This repo contains source code and pre-processed corpora for "Privacy Evaluation Benchmarks for NLP Models". Accepted by EMNLP2024
transformers==4.26.0.dev0
torch==1.8.0+cu111
tokenizers==0.13.3
opacus==1.2.0
python==3.7.15
Installing transformers can be found at https://github.com/huggingface/transformers. After installing it, You need to replace the four scripts in the package, trainer.py,modeling_bert.py,modeling_roberta.py,modeling_gpt2.py, with the scripts we provide.

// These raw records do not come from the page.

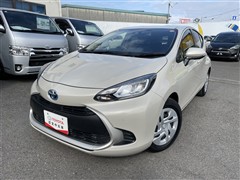 トヨタ　アクア G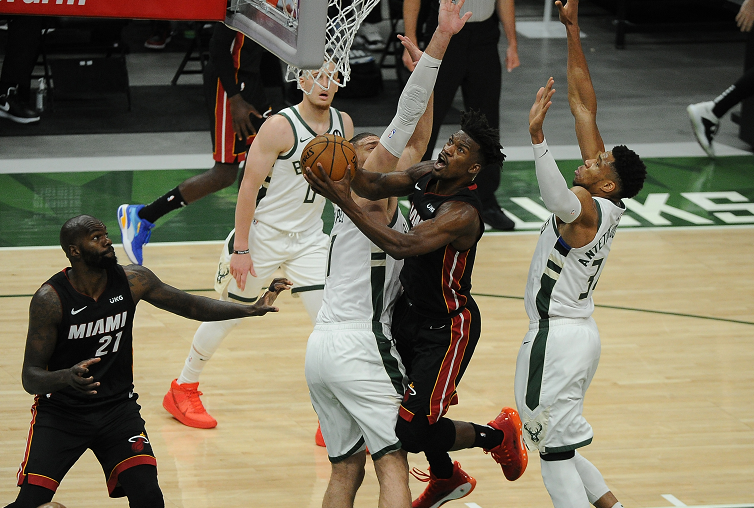 雄鹿碾压辽宁队，克莱高光表现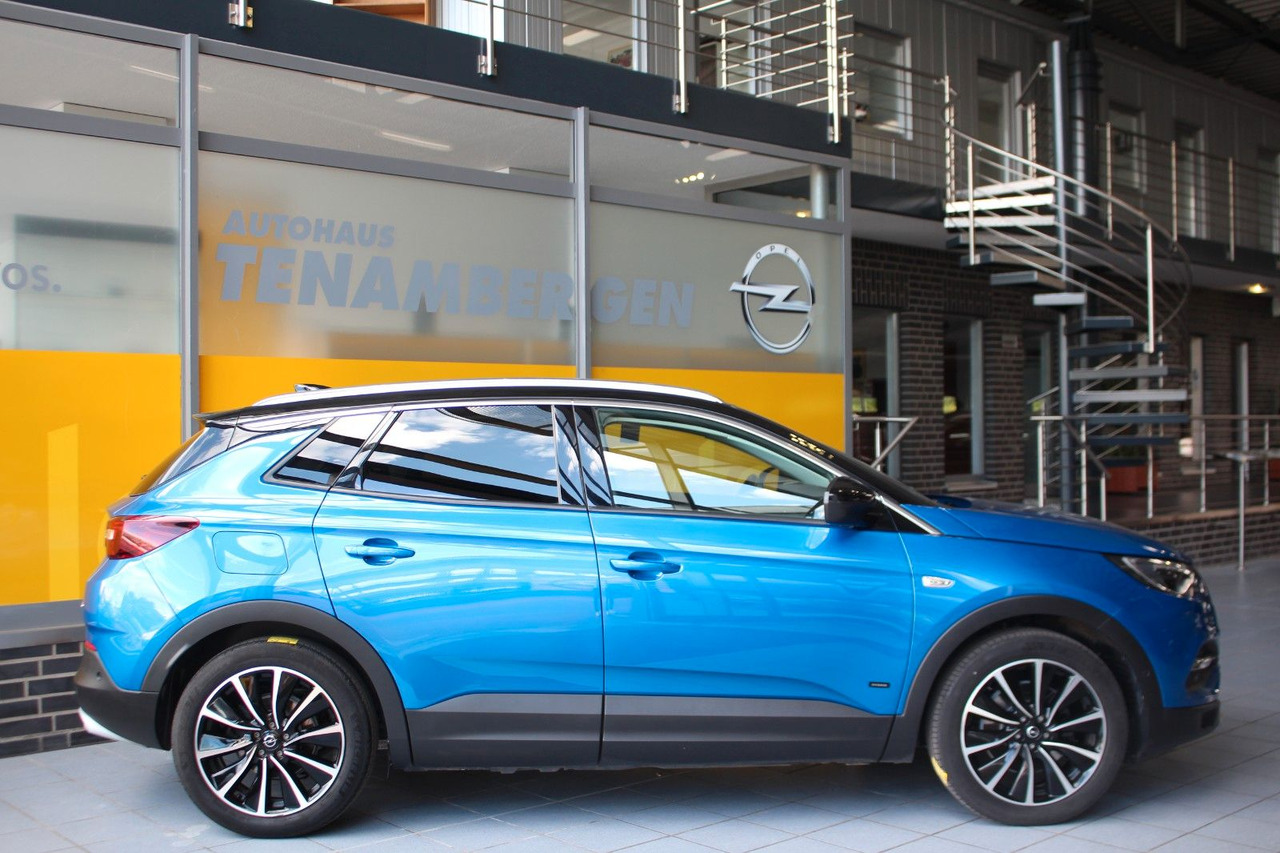 Opel Grandland Plug-in-Hybrid AHK Navi Leder LED Kam. - SUV: photos 4 Opel Grandland Plug-in-Hybrid AHK Navi Leder LED Kam. - SUV: photos 4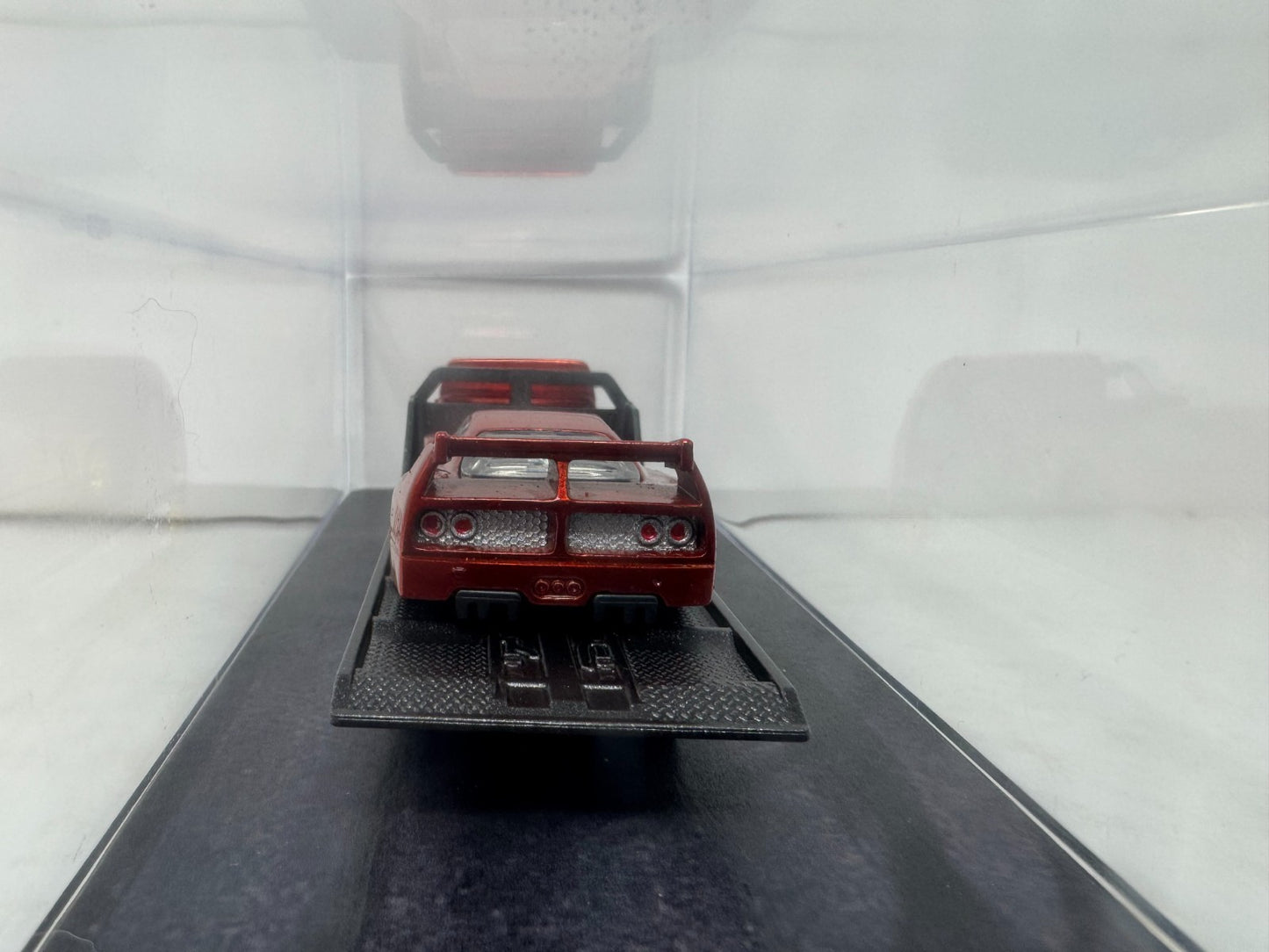 Ferrari F40 & Transporter 1:64 Diecast with Display Case has Custom Real Riders Tire & Paint Job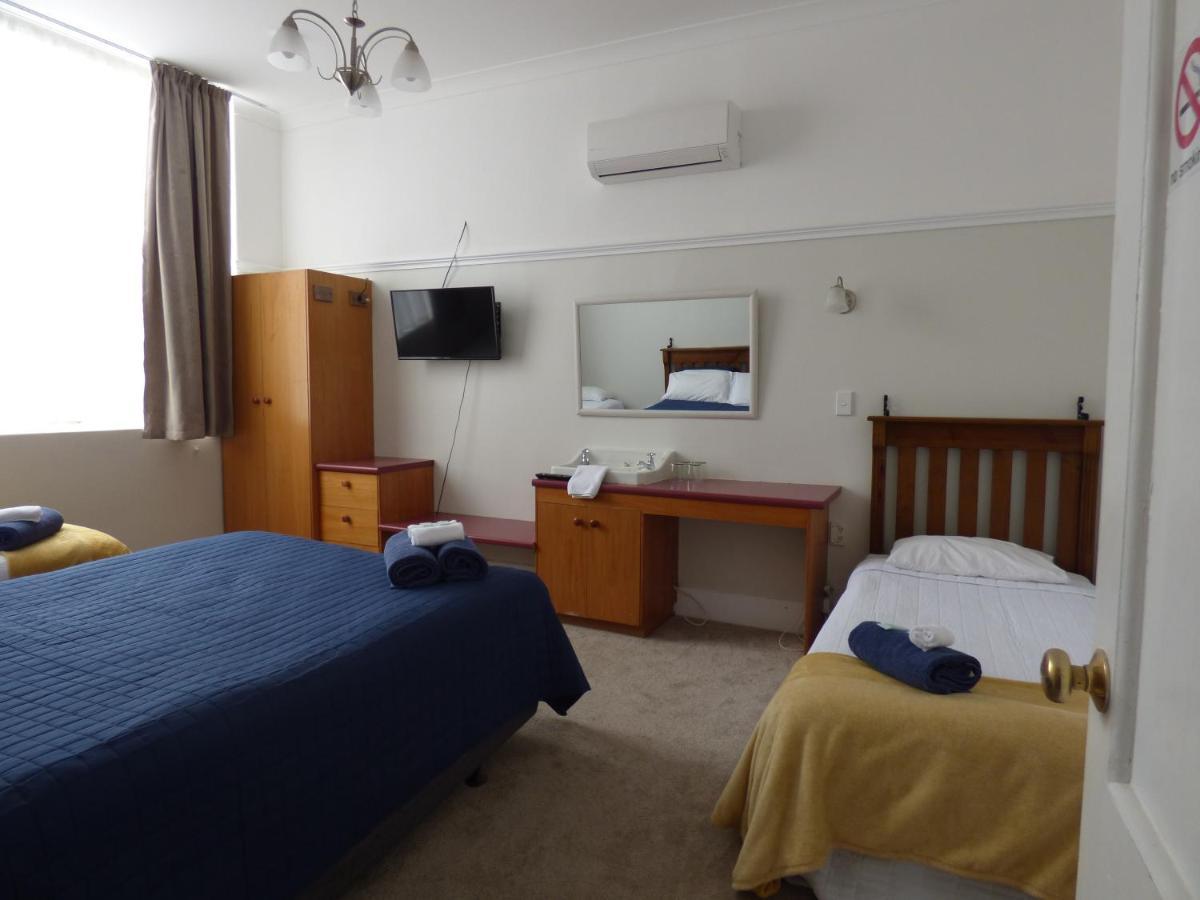 Sahara Guest House Dunedin Extérieur photo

In transformers, the addresses corresponding to these four scripts are:
trainer.py:transformers/src/transformers/trainer.py
modeling_bert.py: transformers/src/transformers/models/bert/modeling_bert.py
modeling_roberta.py: transformers/src/transformers/models/roberta/modeling_roberta.py
modeling_gpt2.py: transformers/src/transformers/models/gpt2/modeling_gpt2.py
Then, the text-classification folder(transformers/examples/pytorch/text-classification) in the transformer needs to be removed. For example, mv text-classification text-classification.bak. Next recreate a new text-classification folder and put in the remaining files we provide.
You can use bert_base.sh,roberta_base.sh and gpt2_medium.sh to train target model.
***model_name_or_path** : path of the target model.
**task_name/dataset_name** : path of data.If the data comes from a GLUE dataset you should use task_name, the rest should use datasets_name
**cache_dir** : cache directory to store downloaded data and models.
**target_or_shadow** : train target model or shadow model(can choise target or shadow)
run:
./bert_base.sh
If you can't download Bert model, you can download it manually from https://huggingface.co/bert-base-uncased/tree/main.
We have placed the attack and defence scripts in eight folders:MIA, MDIA, AIA, MEA, defense, LMIA, LMDIA, LAIA, LMEA. The instructions for use can be found in the README.md in the corresponding folder.